Uitspraak
9 februari 1996.
Hoge Raad
In deze zaak, die op 9 februari 1996 door de Hoge Raad is behandeld, gaat het om een geschil tussen Arsenal Marine S.A. en Laskaridis Shipping LTD. enerzijds en de Unie van redding- en sleepdienst N.V. anderzijds. Arsenal is eigenaar van het zeeschip FRIO ALASKA, dat in december 1991 met een lading vlees vanuit Vlissingen vertrok. Door technische problemen met de turbocharger moest het schip terugkeren naar Vlissingen, waar het aan de grond raakte. De Unie, die hulp verleende, vorderde een hulploon van ƒ 150.000,--, terwijl Arsenal c.s. betwistten dat er sprake was van gevaar en slechts een vergoeding voor normale sleepbootassistentie verschuldigd waren.
De Rechtbank te Middelburg oordeelde dat de FRIO ALASKA niet in gevaar verkeerde en kende de Unie een vergoeding van ƒ 7.500,-- toe.
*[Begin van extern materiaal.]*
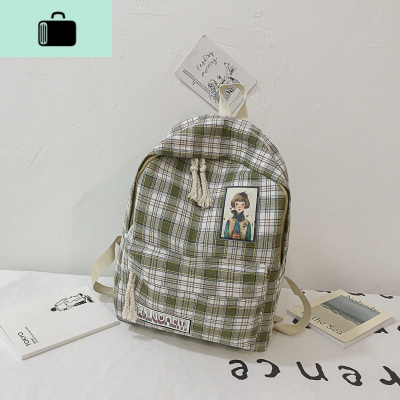 chic原宿书包女 ins文艺韩版格子背包小清新校园百搭学生双肩包潮NEW LAKE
In hoger beroep oordeelde het Gerechtshof te 's-Gravenhage echter dat er wel degelijk sprake was van enig gevaar en kende het de Unie een hulploon van ƒ 18.000,-- toe. Arsenal c.s. gingen in cassatie, waarbij zij stelden dat het Hof had miskend dat voor het bestaan van gevaar vereist is dat het schip niet op eigen kracht uit de situatie kan komen.
De Hoge Raad oordeelde dat het Hof terecht had geoordeeld dat de FRIO ALASKA het dreigend onheil niet op eigen kracht had kunnen afwenden. De Hoge Raad verwierp het cassatieberoep en bevestigde de beslissing van het Hof, waarbij het belang van de veiligheid van de scheepvaart en de rol van hulploon in het zeerecht werden benadrukt. De kosten van het geding in cassatie werden voor Arsenal c.s. vastgesteld op ƒ 4.957,20 aan verschotten en ƒ 3.000,-- voor salaris.